Material provided:
----

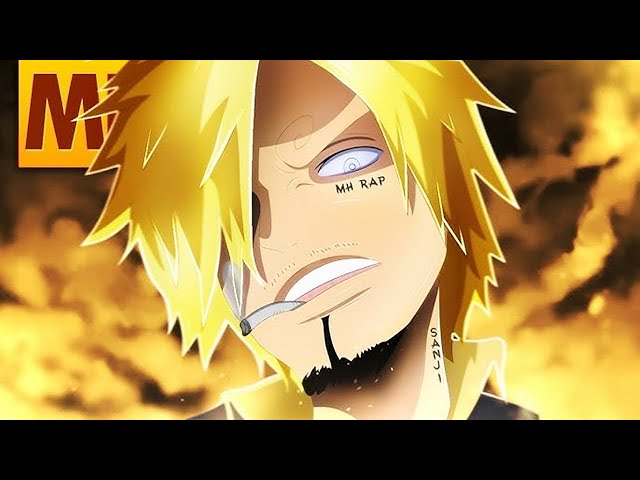 Tipo Sanji 🦵🔥 (One Piece) | Trap NERD | MHRAP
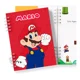 thumbnail image 1 of Agenda Temática Animada Perpetua Finanzas Pasta Dura Mario, 1 of 6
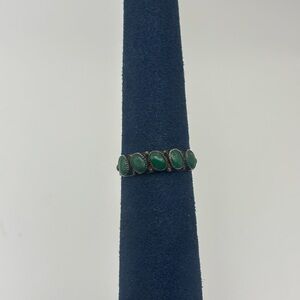 Vintage  Navajo Sterling /turquoise ring!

----

What you will do: Transcribe the material exactly, keeping every word and none of the pictures.

Response to the exercise:
 Tipo Sanji 🦵🔥 (One Piece) | Trap NERD | MHRAP
 thumbnail image 1 of Agenda Temática Animada Perpetua Finanzas Pasta Dura Mario, 1 of 6
 Vintage  Navajo Sterling /turquoise ring!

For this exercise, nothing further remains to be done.